Council criticised over horses’ muck in Ballybane estates

Costello calls on city manager to tackle horses issue

Residents are concerned with the health hazard posed to children by horse dung in their local estates.  		Photo:-Mike Shuaghnessy

Residents are concerned with the health hazard posed to children by horse dung in their local estates. Photo:-Mike Shuaghnessy

Residents in a number of housing estates in the Ballybane area are up in arms over the Galway City Council’s perceived failure to tackle the on-going problems with horses being left tethered or roaming free, leaving manure and muck on green areas, footpaths, and streets.

The concern for the potential danger posed to young children playing in the area and the damage to vehicles has also been highlighted by a number of city councillors who have raised the issue with the council.

“There have been a lot of complaints made, but we seem to be knocking our heads off a stone wall,” said Labour Councillor Tom Costello, who is now calling on city manager Joe McGrath to take a more hands-on approach to deal with the issue.

“Horses are in gardens, out on the roads, in the green areas. There’s a major danger to young children and damage to cars. The horses are wandering loose in a lot of estates in Ballybane. Some horses are tethered from time to time but a lot of them are left on undeveloped land and break through boundary fences to run freely onto the estates.

“I’d like to hear from the council what their intent is. The residents associations and the councillors have been reporting this problem for a long time but we’ve had no success. People are totally frustrated at this stage.”

Cllr Costello said that the council needs to take “urgent action” in relation to horses in the area.

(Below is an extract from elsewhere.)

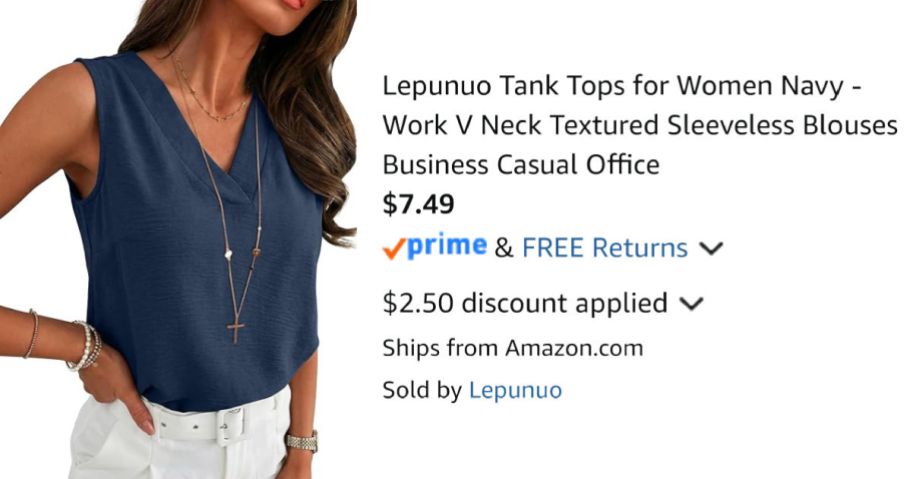 woman wearing blue tank top next to Amazon pricing information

He also criticised the council for the lack of street sweepers in a number of local authority housing estates in the Ballybane area.

“We were told this was due to cut backs and were assured that a programme would be implemented to ensure that each area gets its fair share, but we don’t see anything on the ground. A lot of estates have simply been forgotten about,” said Cllr Costello who added that he will be raising these issues at the next city council meeting.

A Fana Glas resident told the Advertiser that “there’s horses and muck all over the place and the council are passing the buck”. “The horses are left for days at a time and they’re not being watered. It’s a disgrace. We’re are at our wits end,” said the woman who further explained that many residents endeavour to keep the area clean of muck and manure but that it is a never ending battle. “It’s an environmental health issue, there’s manure all over our car wheels and it’s all up on the curb where the children play. We [the residents] don’t mind the horses but sometimes they’re not being fed or watered. I can’t understand why the council is not doing anything. I’m not going to keep cleaning up after the horses. I’m sick of doing it,” she said.

A spokesperson for Galway City Council said that “no specific complaints” regarding horses in the Ballybane area have been received recently, but that any official complaint is dealt with seriously and in some cases an investigation is launched to identify owners and issue a warning to secure their animals and take responsibility. The spokesperson added that the council does receive complaints from all over the city and that in the last month alone six horses were taken from the western side of the city and impounded. Regarding the issue of street sweepers, he said that all housing estates are part of a “rota of cleaning”.